(Records from a dataset)
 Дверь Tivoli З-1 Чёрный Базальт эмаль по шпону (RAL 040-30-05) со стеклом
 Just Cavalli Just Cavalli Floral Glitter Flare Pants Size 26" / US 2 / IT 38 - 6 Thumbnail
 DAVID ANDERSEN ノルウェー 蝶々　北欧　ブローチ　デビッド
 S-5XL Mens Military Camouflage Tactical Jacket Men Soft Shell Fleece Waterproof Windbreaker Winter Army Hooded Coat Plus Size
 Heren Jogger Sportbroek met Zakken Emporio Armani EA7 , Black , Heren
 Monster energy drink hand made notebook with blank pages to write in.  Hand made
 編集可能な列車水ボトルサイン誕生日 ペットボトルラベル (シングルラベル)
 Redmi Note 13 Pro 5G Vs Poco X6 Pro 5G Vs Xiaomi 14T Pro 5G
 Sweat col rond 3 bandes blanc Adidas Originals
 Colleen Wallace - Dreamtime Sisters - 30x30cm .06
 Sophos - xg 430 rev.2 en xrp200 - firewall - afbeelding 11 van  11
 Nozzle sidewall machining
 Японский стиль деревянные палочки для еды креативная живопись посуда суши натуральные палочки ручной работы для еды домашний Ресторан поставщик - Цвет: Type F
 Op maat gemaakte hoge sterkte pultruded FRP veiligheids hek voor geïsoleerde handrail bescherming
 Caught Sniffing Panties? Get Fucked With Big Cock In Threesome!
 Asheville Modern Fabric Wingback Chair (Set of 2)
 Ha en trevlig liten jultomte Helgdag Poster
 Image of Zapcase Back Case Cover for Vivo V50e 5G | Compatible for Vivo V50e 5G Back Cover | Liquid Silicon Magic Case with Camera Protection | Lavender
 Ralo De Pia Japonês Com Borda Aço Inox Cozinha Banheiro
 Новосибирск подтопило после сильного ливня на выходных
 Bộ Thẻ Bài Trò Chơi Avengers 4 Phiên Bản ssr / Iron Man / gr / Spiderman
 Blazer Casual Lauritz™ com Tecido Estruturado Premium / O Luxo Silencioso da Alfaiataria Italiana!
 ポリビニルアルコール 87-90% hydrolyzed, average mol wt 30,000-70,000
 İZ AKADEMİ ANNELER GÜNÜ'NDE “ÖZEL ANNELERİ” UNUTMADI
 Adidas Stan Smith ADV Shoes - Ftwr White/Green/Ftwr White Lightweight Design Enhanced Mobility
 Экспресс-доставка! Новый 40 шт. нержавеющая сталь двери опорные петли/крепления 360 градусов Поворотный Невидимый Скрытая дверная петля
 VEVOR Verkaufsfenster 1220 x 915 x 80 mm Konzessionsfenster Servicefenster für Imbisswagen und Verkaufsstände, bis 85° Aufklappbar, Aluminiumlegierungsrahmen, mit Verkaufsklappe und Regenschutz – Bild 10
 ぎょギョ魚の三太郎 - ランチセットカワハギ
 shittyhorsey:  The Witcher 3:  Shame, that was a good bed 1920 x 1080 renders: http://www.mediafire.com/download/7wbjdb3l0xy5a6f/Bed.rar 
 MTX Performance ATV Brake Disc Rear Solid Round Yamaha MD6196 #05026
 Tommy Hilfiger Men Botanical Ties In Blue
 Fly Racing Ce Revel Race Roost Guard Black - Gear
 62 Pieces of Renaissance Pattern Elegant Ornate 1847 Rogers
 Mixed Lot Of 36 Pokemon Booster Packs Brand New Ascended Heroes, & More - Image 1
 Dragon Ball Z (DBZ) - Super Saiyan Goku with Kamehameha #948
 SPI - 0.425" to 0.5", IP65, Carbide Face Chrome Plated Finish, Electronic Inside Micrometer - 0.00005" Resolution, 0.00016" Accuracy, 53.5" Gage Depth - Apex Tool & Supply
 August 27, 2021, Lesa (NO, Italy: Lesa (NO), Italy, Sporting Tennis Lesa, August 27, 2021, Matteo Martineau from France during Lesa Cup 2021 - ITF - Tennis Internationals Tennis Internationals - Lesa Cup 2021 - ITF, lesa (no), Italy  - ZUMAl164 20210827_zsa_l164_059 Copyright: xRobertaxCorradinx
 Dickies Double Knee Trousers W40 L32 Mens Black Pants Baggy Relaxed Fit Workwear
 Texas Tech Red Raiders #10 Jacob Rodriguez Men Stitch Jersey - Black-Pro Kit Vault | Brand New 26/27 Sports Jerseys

● ASSIGNMENT: Where a line above contains the word "Mens", show that line.

● WORKED SOLUTION:
 S-5XL Mens Military Camouflage Tactical Jacket Men Soft Shell Fleece Waterproof Windbreaker Winter Army Hooded Coat Plus Size
 Dickies Double Knee Trousers W40 L32 Mens Black Pants Baggy Relaxed Fit Workwear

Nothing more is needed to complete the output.